= Ayesha Mumtaz =

Ayesha Mumtaz (Urdu: ) is a former Director of Operations at Punjab Food Authority in Pakistan.

==Career==
Ms. Mumtaz hails from a middle income family in Lahore, Pakistan and belongs to the Provincial Civil Services (PCS) cadre. She rose to fame after raiding various restaurants and hotels to ensure the quality of food and hygiene. She sealed many eateries while fined others for providing unhygienic food to consumers and other noncompliant acts. Her work is being highly appreciated by the Government of Punjab, Pakistan and especially by the people of Punjab, while food-sellers feared her unannounced raids. Her popularity is manifested by the 61,000 fans she has gained on Facebook.

She joined Punjab Food Authority on 1 June 2015.
In November 2015, Punjab Food Authority with the collaboration of USAID and the University of Veterinary and Animal Sciences (UVAS), Lahore, Department of Dairy Technology and Department of Food Science & Human Nutrition, she was running a project called Data Collection for the Assessment of Supply of Loose Milk in Lahore.

Ayesha Mumtaz had even raided Sharif Medical City, a hospital associated with the then prime minister of Pakistan, Nawaz Sharif. In public comments in a newspaper, people seemed pleasantly surprised by her honesty, boldness, efficiency and fearless unannounced raids to check food quality for the welfare and health of common people.

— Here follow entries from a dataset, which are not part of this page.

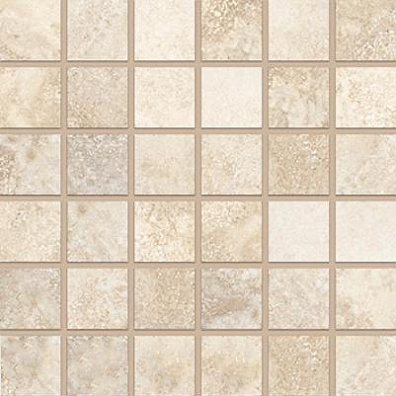 Мозаика Ms Chrono Cream 30x30 Rocersa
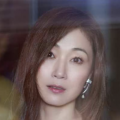 麻豆成人国产电影传媒一区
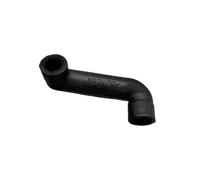 Pexorin 1110181082 Tuyau de reniflard carter moteur en caoutchouc radiateur d'eau refroidissement, for Durite de radiateur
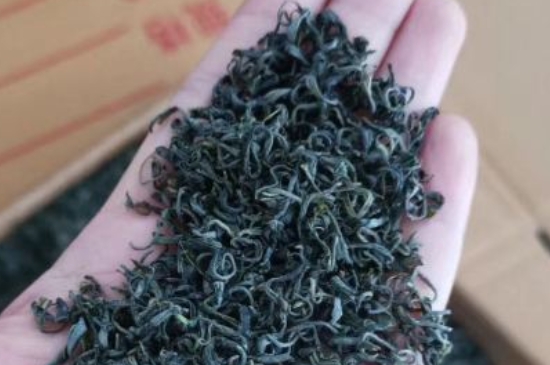 如何買(mǎi)茶葉不上當(dāng)，怎么買(mǎi)茶葉不被坑？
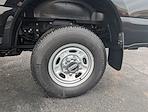 2023 Ford F-250 Crew Cab 4WD Pickup for sale #CC10983C - photo 23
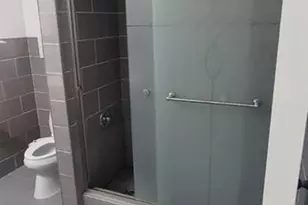 115 River Road 1st Fl, Bogota, NJ 07603 - Photo 17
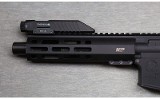 Smith & Wesson ~ M&P-15 Pistol ~ 5.56 NATO - 3 of 4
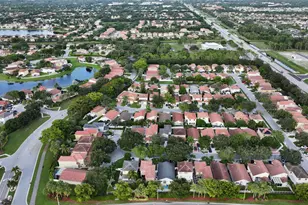 6883 Desert Inn Terrace, Lake Worth, FL 33463 - Photo 71
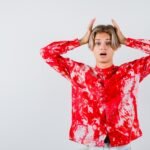 littleminaxo Drops 5 Shocking Looks That Broke Trends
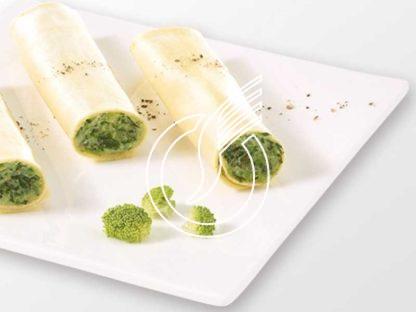 Cannelloni Padrone "Vegi"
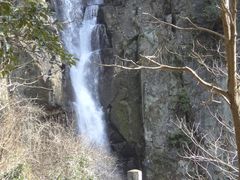 -溪口-滕头旅游景区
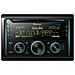 DEH-S720BT Autoradio - Foto miniatura 1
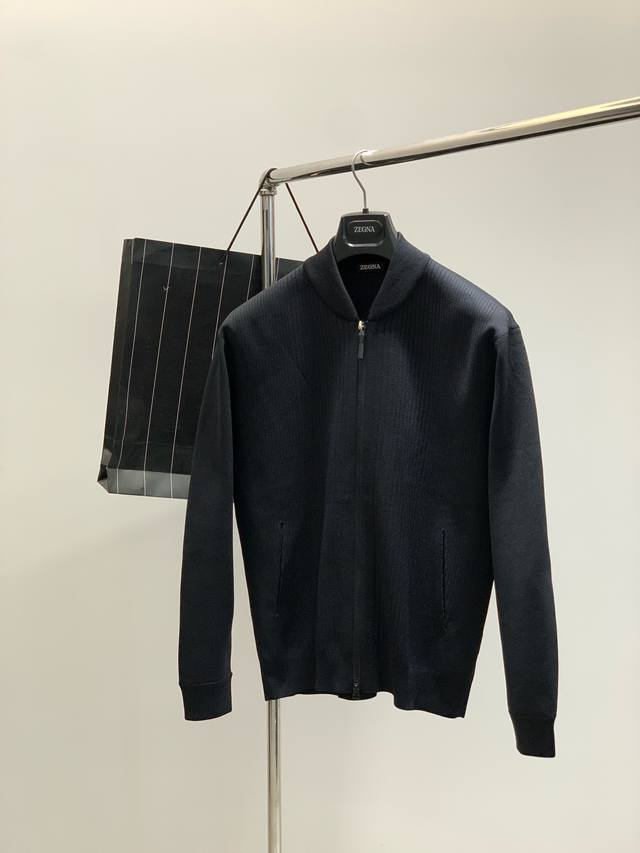 Jeliya Clothing Fashion Series, unique designs. custom-dyeing and spinning. is a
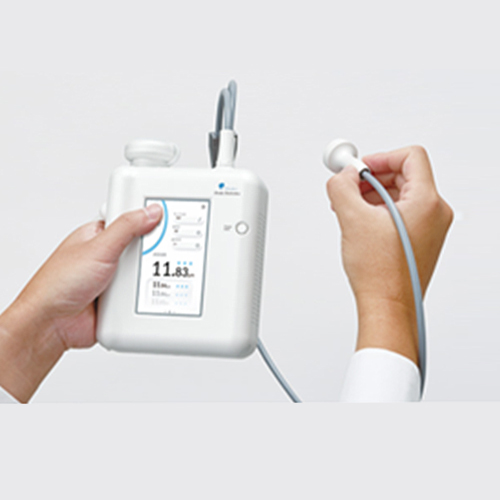 Product image:Smart Thickness Meter
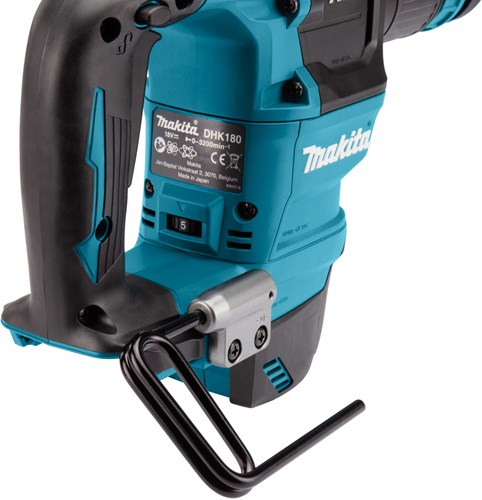 Makita DHK180_F_001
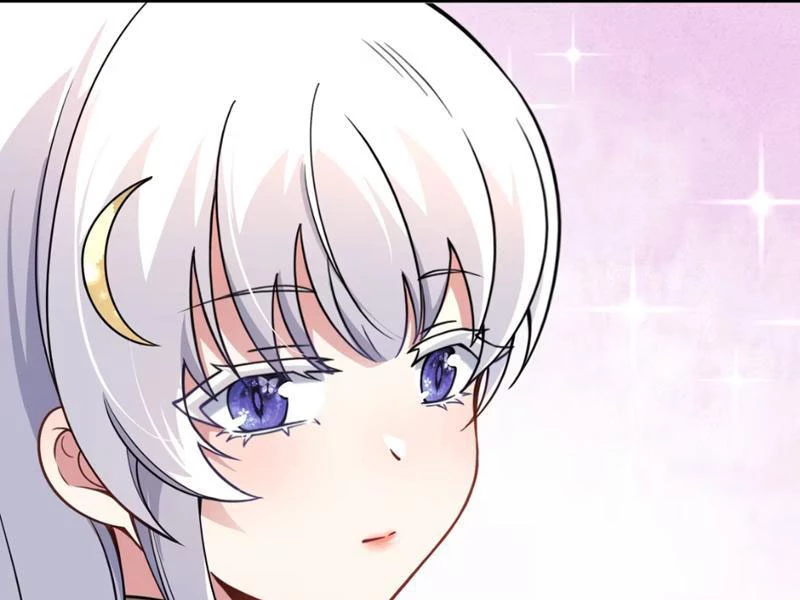 Toàn Bộ Fan Của Ta Đều Là Ma Nữ Chapter 3 - Trang 3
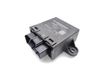 Door control unit/module LU5T14B534AE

===Controversial leave issue===
She was sacked from her job in October 2016, following allegations of corruption involving her driver. According to The Economist, "she made enemies in the food business and among politicians connected with it." Since her sacking, according to Lahoris, there has been a decrease in the food safety inspections.

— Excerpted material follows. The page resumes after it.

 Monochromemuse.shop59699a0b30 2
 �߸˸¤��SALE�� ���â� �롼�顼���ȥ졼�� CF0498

She was herself asked about her controversial "leave issue" by a newspaper reporter. At that time, she had told the reporter that she needed the leave for treatment of her parents and indicated that she did not leave her job due to any differences with the newly-appointed director general of Punjab Food Authority, Noorul Amin Mengal. Mengal, at least publicly, also called her a "good officer" and added that she was on leave for personal reasons. The newspaper report also said that she was on leave for 104 days.

===False identity rumours===
In 2015, some Pakistani news media carried some false rumours about her being one of the daughters of the late film comedian Saeed Khan Rangeela (1937 - 2005). Ayesha Mumtaz herself quashed those false rumours by saying, "Rangeela was a legendary comedian actor but I do not have any connection with him."